Wie konnte es aus Ihrer Sicht nach der Übernahme im Jahr 2016 von dem Unternehmen tedrive zu dieser Kehrtwende kommen? Was ist falsch gelaufen und welche Fehler wurden gemacht?
Hartmann: Die Firma tedrive hatte nicht die Innovationspower, um am Markt mitzuhalten. 2016 lautete die Strategie von Knorr-Bremse, den Wülfrather Standort in Bezug auf Nutzfahrzeug-Lenkgetriebe und sogenannte Überlagerungslenkungen weiterzuentwickeln. Diese sind wesentliche Bestandteile für ein automatisiertes Fahren. Es konnten aber weder Zielkosten- noch Zeitplan für die Produktion und Entwicklung eingehalten werden, um am Markt zu bestehen. Zudem sind die Preise durch den Wettbewerb gesunken. Ende 2018 hatte Knorr-Bremse die Chance, die Einheit von Hitachi für Nutzfahrzeuglenkungen zu übernehmen. Sie hatten bereits 500 000 dieser Lenkungen auf dem Markt und ein fertiges System für die Überlagerungslenkung. Dieser Vorsprung war nicht mehr aufzuholen.

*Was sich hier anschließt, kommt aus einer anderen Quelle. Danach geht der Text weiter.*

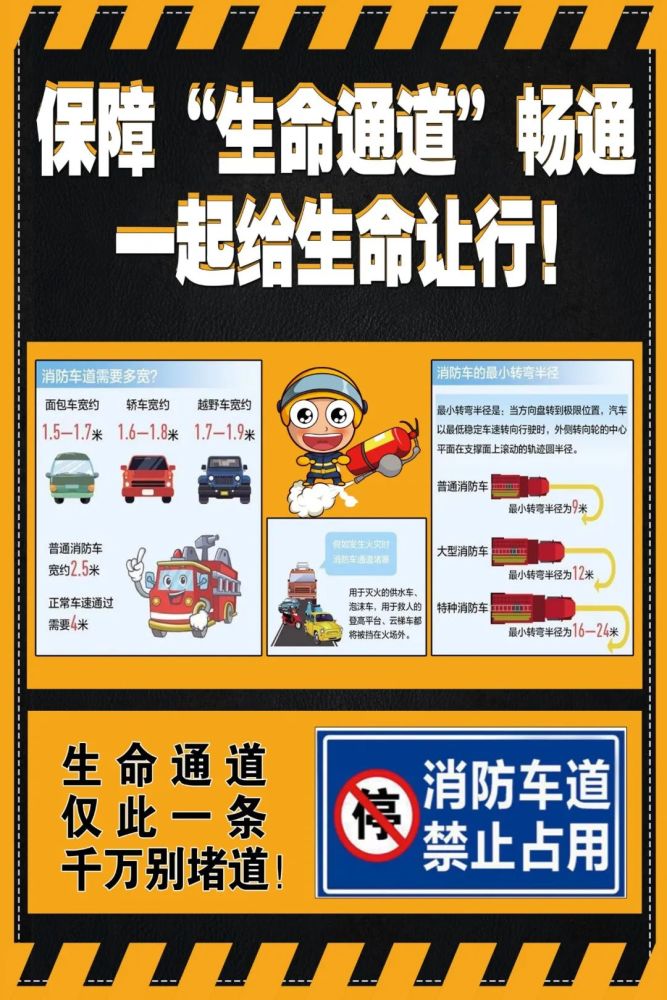 童眼看消防:消防車通道別佔用/火災隱患要舉報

Wie viele Mitarbeiter sind noch bis Ende Oktober bei Steering Systems beschäftigt?
Hartmann: 86 Mitarbeiter sind aktuell noch an diesem Standort beschäftigt, im Dezember 2019 waren es 274 Mitarbeiter. 50 Ingenieure sind zum Standort Düsseldorf gewechselt. Für die anderen Mitarbeiter wurde ein Sozialplan und Interessenausgleich verhandelt.
Für den Standort Wülfrath gibt es angeblich einen längerfristigen Mietvertrag. Wie gehen Sie damit um?
Hartmann: Das Mietverhältnis besteht bis 2024. Natürlich haben wir den Wunsch, dass zeitnah ein Nachmieter oder ein Käufer gefunden wird. Wir stehen in enger Zusammenarbeit mit der Wülfrather Stadtverwaltung und dem Eigentümer. Auch ein Makler aus Düsseldorf wurde bereits mit diesem Projekt beauftragt. Aus meiner Sicht würde sich wieder produzierendes Gewerbe oder Logistik an diesem Standort eignen. Auch ein Maker-Space für Start-up-Unternehmen ist im Gespräch.
Wie geht es für Sie persönlich weiter?
Hartmann: Ich kümmere mich bis zum letzten Tag um den Standort. Das weitere steht noch nicht fest.